You then draw a line from bottom left to top right, and along that line write the main investment categories in risk order. You start with cash in the bottom left-hand corner and in this particular example venture capital is in the top right.

Just below that is Enterprise Investment Schemes, which I personally would have placed higher in the risk spectrum than Venture Capital Trusts, and below that (curiously) is ‘property’, without any further distinction between residential or commercial for example. Then we find ‘unlisted shares’ followed by ‘listed equities’.

Ombudsman adjudications are more important in practice than any other assessment of the suitability of our advice

This type of chart usually includes reference to other countries, distinguishing between the differing risks of UK investments, and developed world holdings or emerging market investments. These distinctions are ignored in this particular chart; something of an error in my view.

But the real reason I mention this is because of a Financial Ombudsman Service ruling in which this understanding of investment risk (contained in the benchmark study text for our benchmark qualification) is turned on its head.

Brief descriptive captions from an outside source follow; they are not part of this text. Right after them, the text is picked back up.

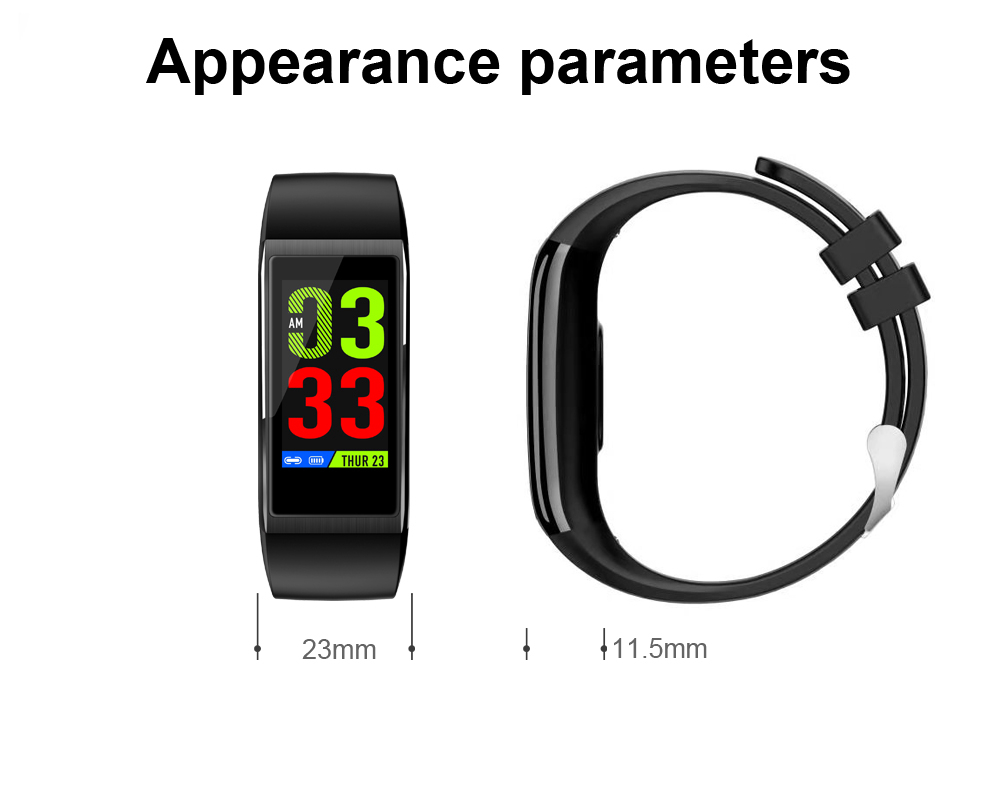 Makibes HR9 Smart Bracelet 1.14 Inch IPS Color Screen Continuous Heart Rate Monitor IP68 Water Resistant - Black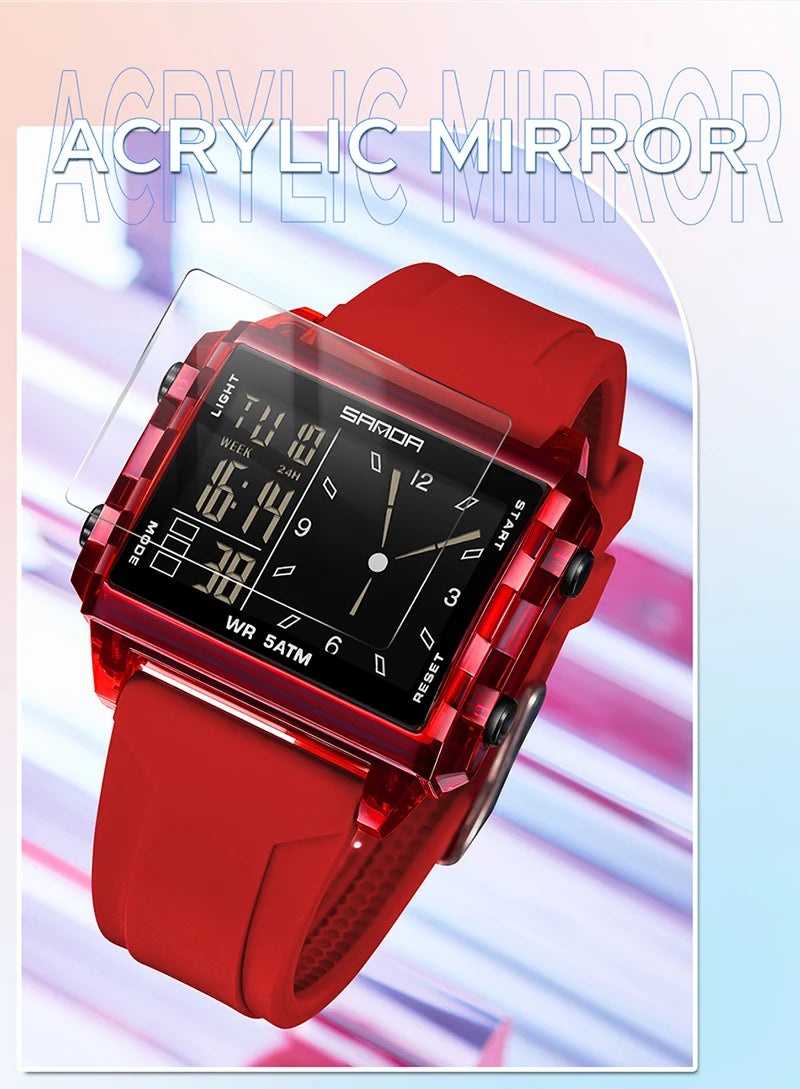 SANDA 6273 Wristwatch Square Dual Time Man Electron Analog Watch for Men Women Waterproof Count Down Timer Digital World Time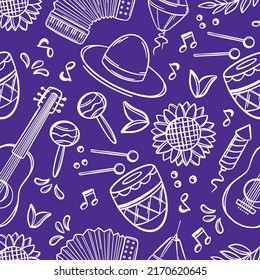 FESTA JUNINA OUTLINE June Festival Catholic Tradition Brazil Carnival Holiday Seamless Pattern With Musical Instruments On Blue Background Vector Illustration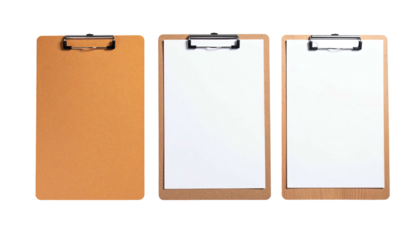 Three clipboards, one empty, one blank paper, one with a brown backing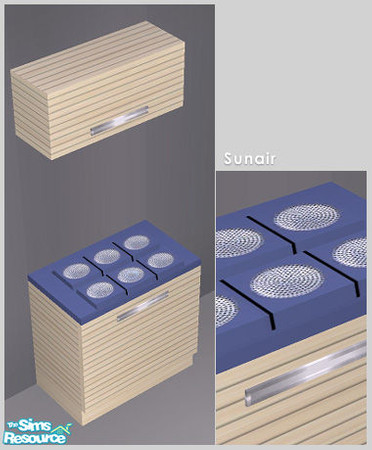 Sims 2 — Sunair T378 WST Stove by Sunair — Sunair T378 WST Stove (lightwood) of WST Kitchen A - Mesh set. The two parts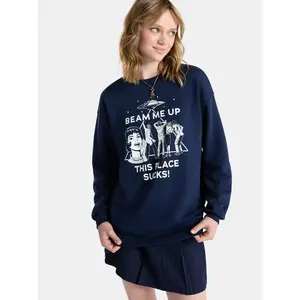 No Boundaries Stranger Things Oversized Fleece Sweatshirt for Women Normal And Plus Size, Cozy Pullover Hoodie, Netflix Graphic Crewneck Top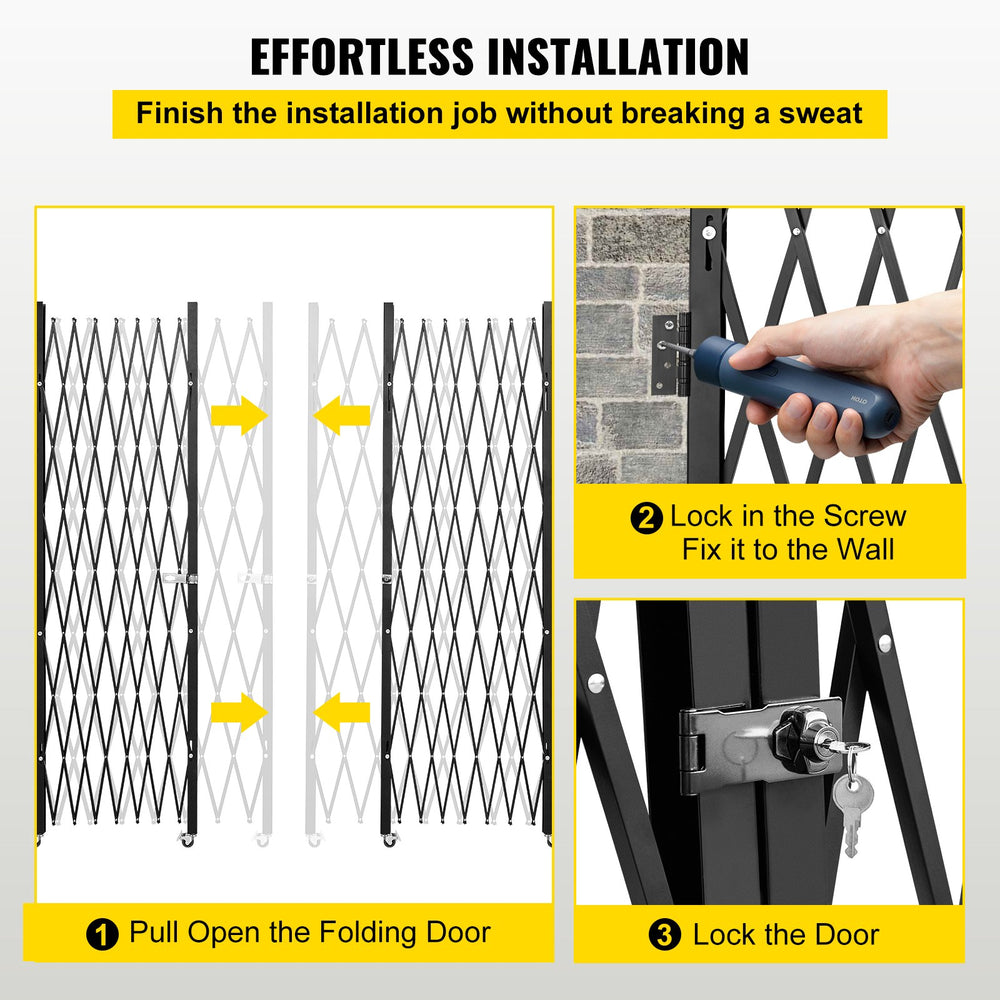 Vevor Double Folding Security Gate 12.5' x 7.1' Steel Accordion Gate with 360° Rolling Casters New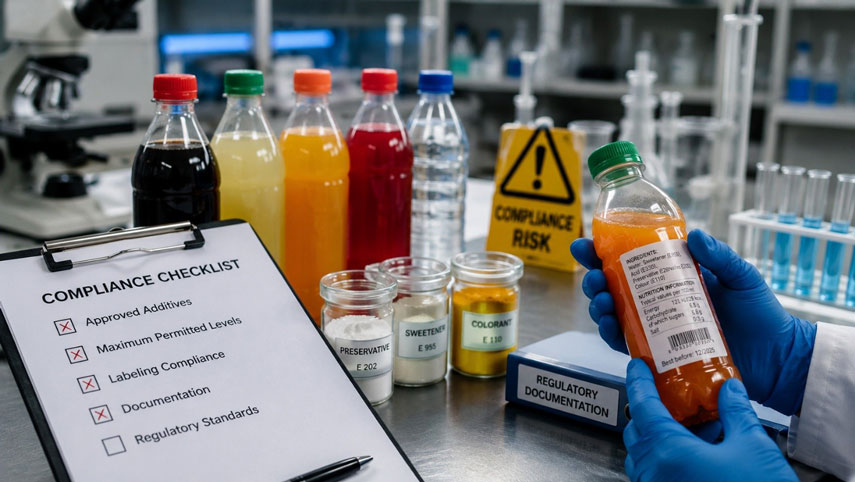 Inspector verifying beverage additive labels and a compliance checklist in a lab setting.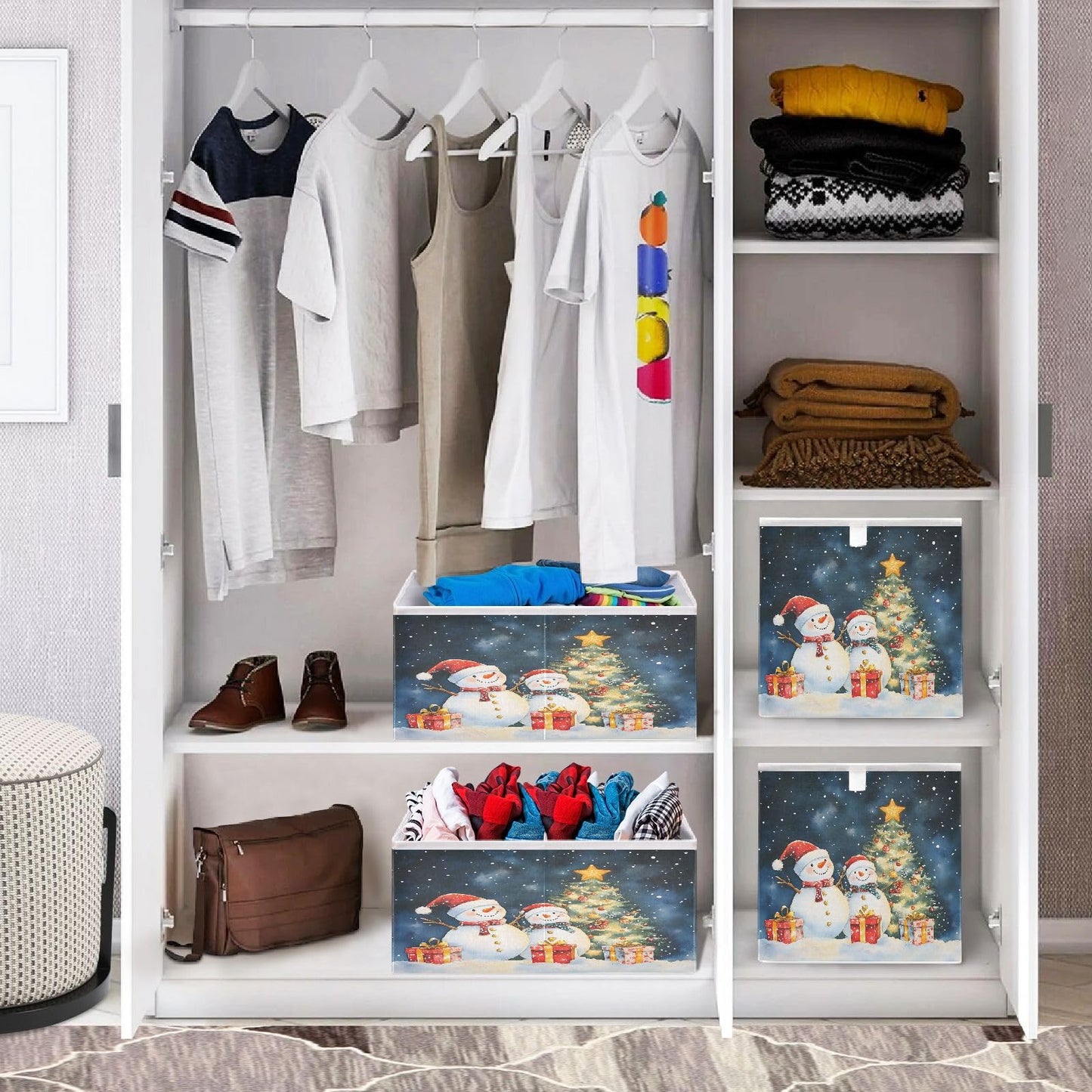 senya Large Storage Bins Two Snowmen Collapsible Foldable Storage Cubes Fabric Basket Closet Organizer Containers Box for Home Bedroom Office 15.7 x 10.6 x 6.9in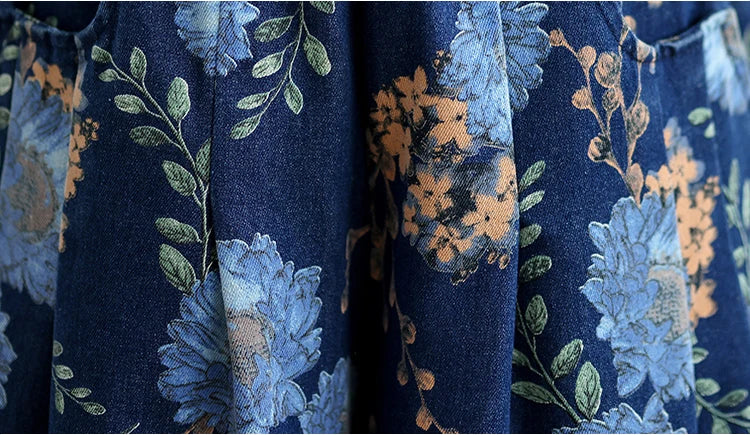 NYFS 2025 New Summer Vintage Print Woman Jeans Loose Plus size Trousers Elastic Waist Denim Wide Leg Pants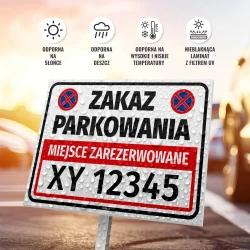 Tabliczka parkingowa: Miejsce zarezerwowane, zakaz parkowania z polem na numer rejestracyjny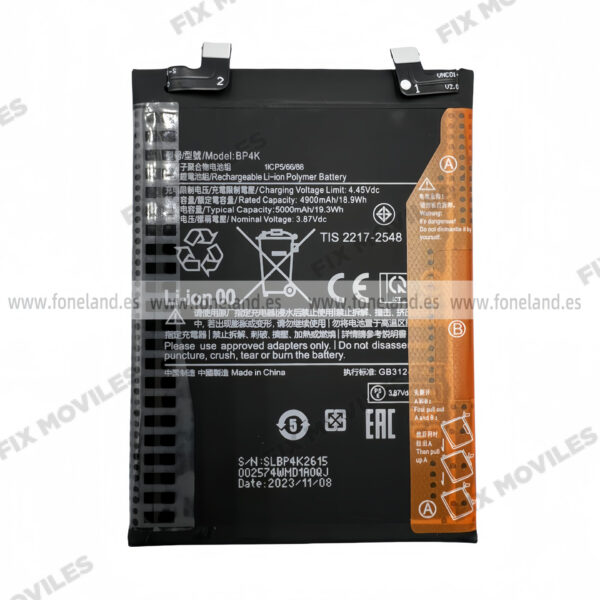 Batería Xiaomi Redmi Note 12 Pro 4G / Redmi Note 12 Pro 5G / Poco F5 / Poco X5 / Poco X5 Pro 5G BP4K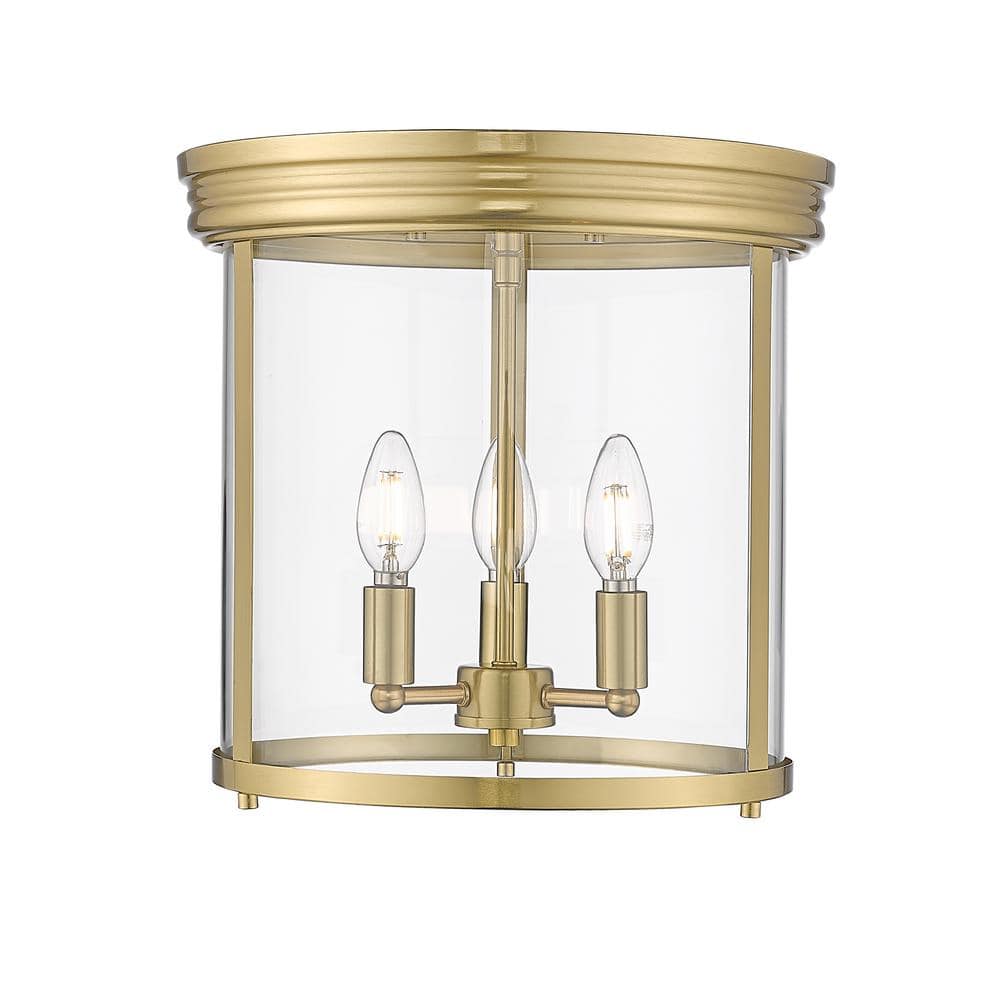Thayer 13 in. Luxe Gold Integrated LED Flush Mount with Clear Glass Shade (1-Pack) - Hercitys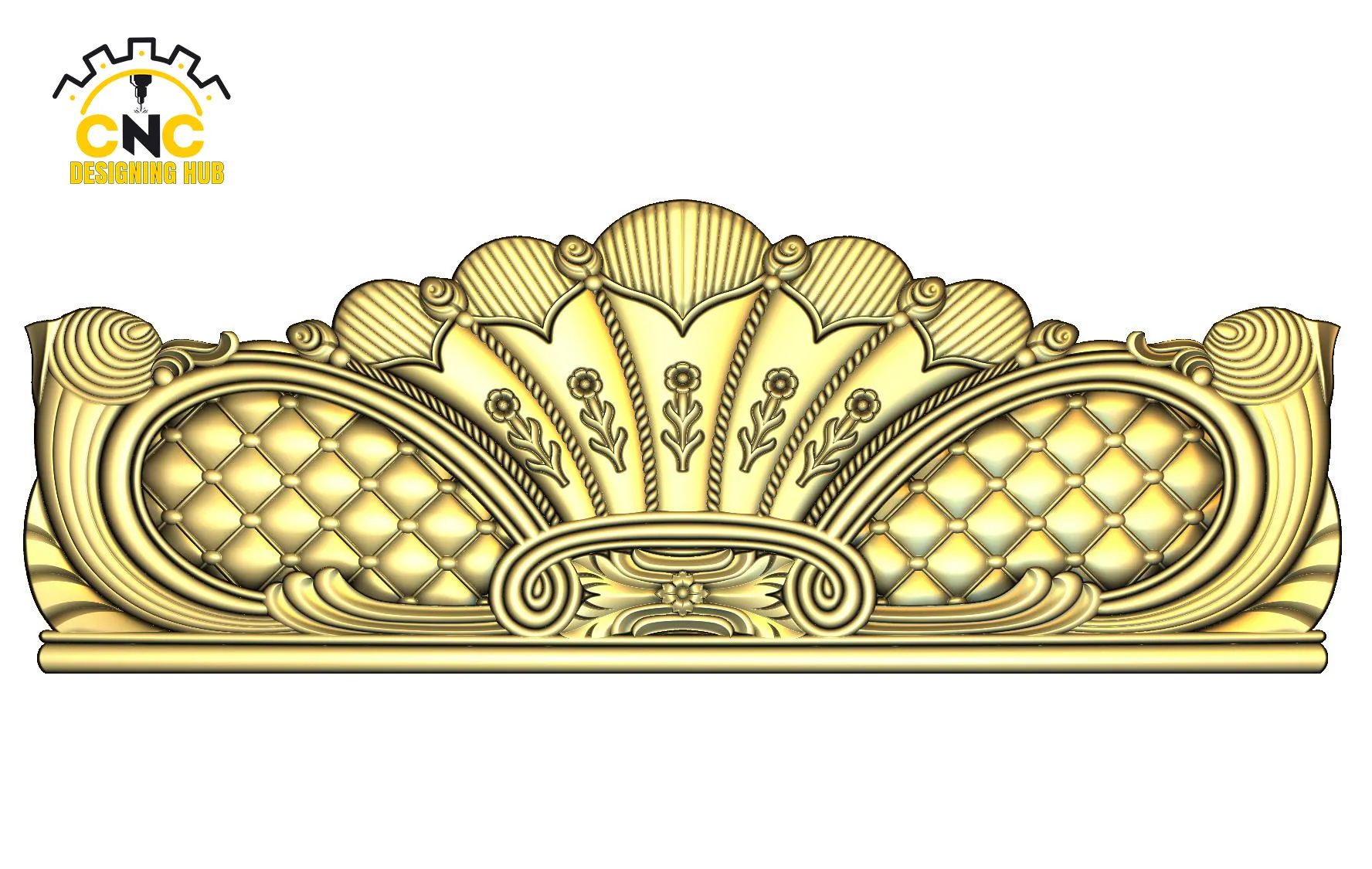 3D CNC shell floral panel carving design with lattice and scrollwork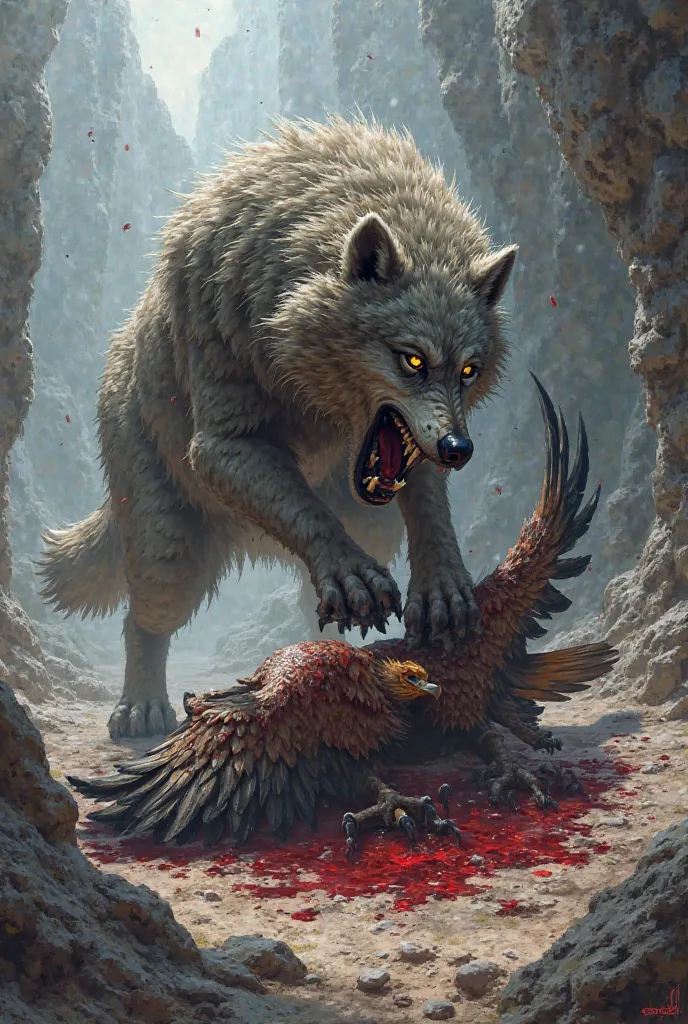 Dangerous wolf killed eagle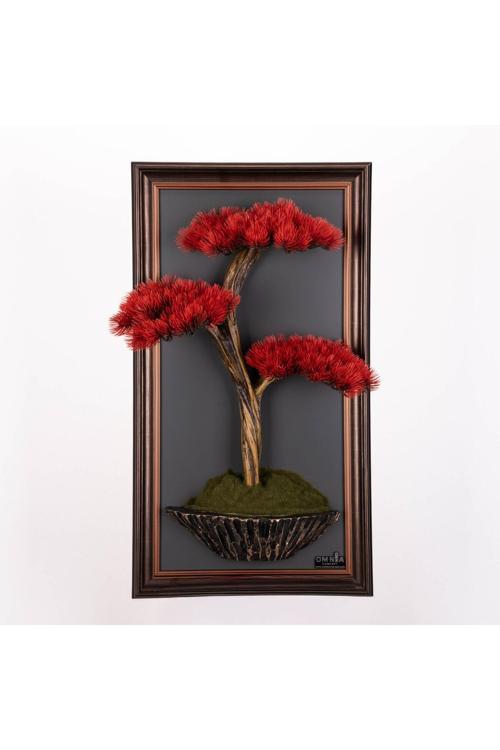 Bonsai Tablaeu - 3-1B - Mdf Plaka Üzerinde Çerçeveli 3 Boyutlu Yapay Ağaç Tablosu 33X60 Cm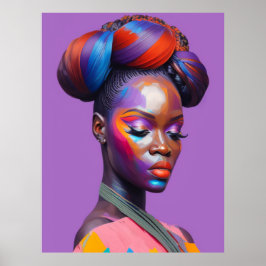African Beauty Woman Porträtt 1 Poster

In every discussion of risk and diversification, individual shares are described as higher risk than collective investment funds. They have no investor protection, lack diversification by most measures (number, sector, market, economy) and have little or no asset class diversification.

The adviser cited the client’s portfolio of self-selected FTSE 100 shares as evidence of experience in investing and acceptance of higher risk in investing. But here is the point of which every IFA should be aware. Fos says that FTSE 100 shares are low risk investments.

Instead of fussing about retrospective regulation, Apfa and the SBPP must pursue this much more important concern with Fos through their industry liaison meetings.

Ombudsman adjudications are more important in practice than any other assessment of the suitability of our advice.

If Fos applies a radically different understanding of investing risk than the one in common use in the entire adviser population it judges, then IFAs (and textbook authors) need to know about it as a matter of urgency. If not, no advice will ever meet the appropriate standards.